Dominicana recupera progresivamente el suministro eléctrico tras colapso nacional
El martes por la tarde, República Dominicana vivió uno de los apagones más extensos de su historia reciente, dejando a todo el país —incluidos destinos turísticos como Punta Cana— sumido en la oscuridad durante horas. Las autoridades confirmaron que el servicio eléctrico comenzó a restablecerse de manera gradual, aunque con lentitud. Para las 20:00 horas (00:00 GMT), apenas el 42.5% de la red había recuperado la energía, según declaraciones del ministro encargado del sector.

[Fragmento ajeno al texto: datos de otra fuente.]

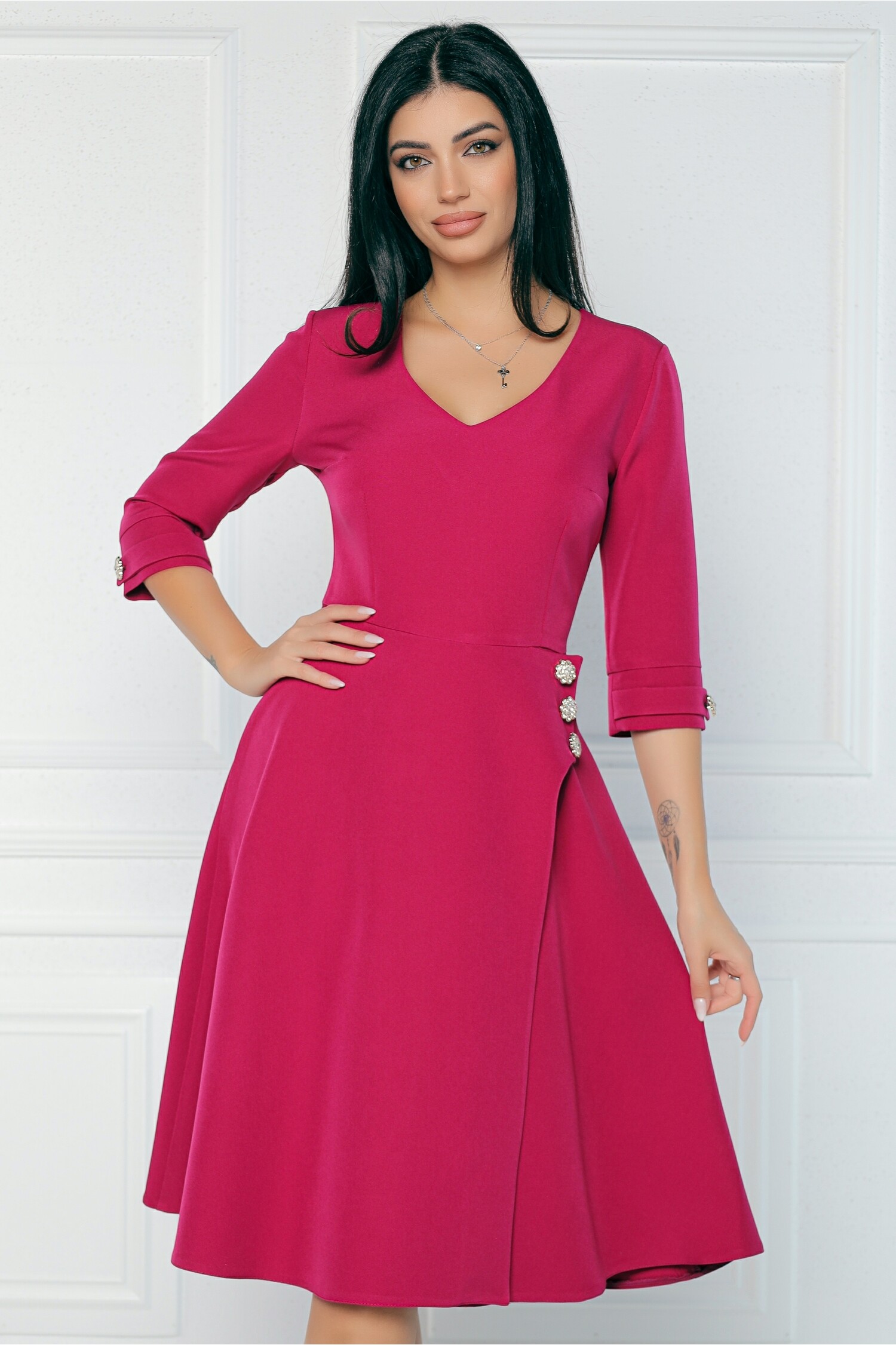 Rochie office din stofa magenta cu nasturi in talie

En la capital, Santo Domingo, algunas zonas ya contaban con luz, y las pantallas publicitarias del centro volvieron a iluminar las calles, aunque el caos persistía. El colapso energético paralizó el tráfico, generando largas filas de vehículos y obligando a miles de personas a desplazarse a pie. El metro, uno de los principales medios de transporte en la ciudad, activó protocolos de emergencia y evacuó a los usuarios, muchos de los cuales tuvieron que caminar largas distancias para llegar a sus destinos.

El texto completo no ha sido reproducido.